Milne–Thomson circle theorem. For flow in the region outside or inside the circle $|z| = a$: a singularity (source or sink) of strength $s$ at an interior point $z_0 = b$ (real, $0 < b < a$) is imaged as a singularity of the same strength at the inverse point $a^2/b$ plus an opposite-strength singularity at the origin. Specifically, a source $+m$ at $b$ inside $|z|=a$ is accompanied by an image source $+m$ at $a^2/b$ and an image sink $-m$ at $0$; a sink $-m$ at $b$ is accompanied by $-m$ at $a^2/b$ and $+m$ at $0$. Image singularities at the origin from a source-sink pair of equal strength cancel. The circle $|z|=a$ becomes a streamline automatically.

Flow past a cylinder. Uniform stream $U_0$ past a stationary cylinder of radius $a$: $w(z) = U_0\!\left(z + \frac{a^2}{z}\right),\qquad\phi = U_0\!\left(r+\frac{a^2}{r}\right)\cos\theta,\qquad\psi = U_0\!\left(r-\frac{a^2}{r}\right)\sin\theta.$ The cylinder $r=a$ satisfies $\psi = 0$ (a streamline). Stagnation points at $(\pm a, 0)$ where $dw/dz = 0$.

Source in a 3D uniform stream (axisymmetric). A point source of strength $m$ at the origin in a uniform stream $U\hat{\mathbf i}$ has velocity potential $\phi = m/r - Ur\cos\theta$ (spherical polars; convention $\mathbf q = -\nabla\phi$).

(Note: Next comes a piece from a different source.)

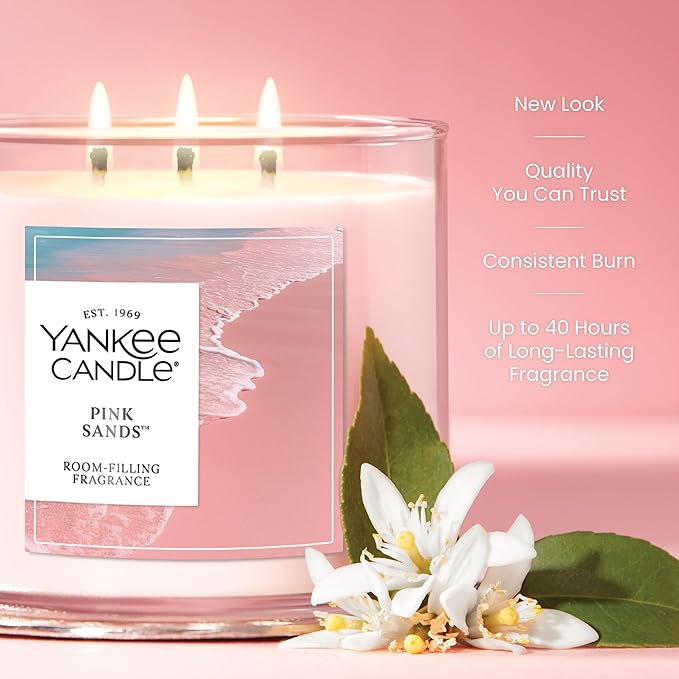 Yankee Candle 3 Wick Candle Jar, Scented Candle with up to 40 Hours of Burn Time, Premium Plant Wax Blend for Consistent Long Lasting Scent from First to Last Burn, Pink Sands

The Stokes stream function is $\psi = \tfrac12 Ur^2\sin^2\theta - m\cos\theta$; streamlines are $Ur^2\sin^2\theta - 2m\cos\theta = \text{const}$.

Question Archetypes

Four patterns cover every source/sink question in the corpus.

source-sink-streamlines (4 question(s); 2019, 2020, 2021, 2023)

Recognition Cues

• A combination of sources and sinks is specified (by position and strength, or via $w$); the question asks to “find” or “show” the streamlines, or to compute the speed.
• The phrase “stream function” or “streamlines are the curves…” signals this archetype.
• A complex potential involving multiple $\log$ terms (or a product ratio) → extract $\psi = \operatorname{Im}(w)$.

Solution Template

1. Write the complex potential $w = \sum_i s_i \log(z - z_i)$ (source = $+$, sink = $-$).
2. Combine logarithms into a single $\log(\text{ratio or product})$.
3. Compute $\psi = \operatorname{Im}(w)$. Setting $\psi = \text{const}$ is equivalent to: $\arg(\ldots) = \text{const}$, i.e. the imaginary-to-real ratio of the argument is constant.
4. Cross-multiply the ratio to obtain an algebraic curve in $x,y$; introduce a free parameter $\lambda$ or $k$ for the family.
5. For speed: compute $dw/dz$ as a single fraction (combine over a common denominator); simplify the numerator (often terms cancel, leaving a pure constant times $z$-factors); take $|dw/dz|$ and identify each factor as a distance $r_i = |z - z_i|$.

Worked Example(s)

2019 Paper 2, 2019-P2-Q8c (20 marks)

Two sources, each of strength $m$, at $(-a,0),(a,0)$ and a sink of strength $2m$ at origin. Show streamlines are $(x^2+y^2)^2 = a^2(x^2-y^2+\lambda xy)$ and speed is $2ma^2/(r_1 r_2 r_3)$.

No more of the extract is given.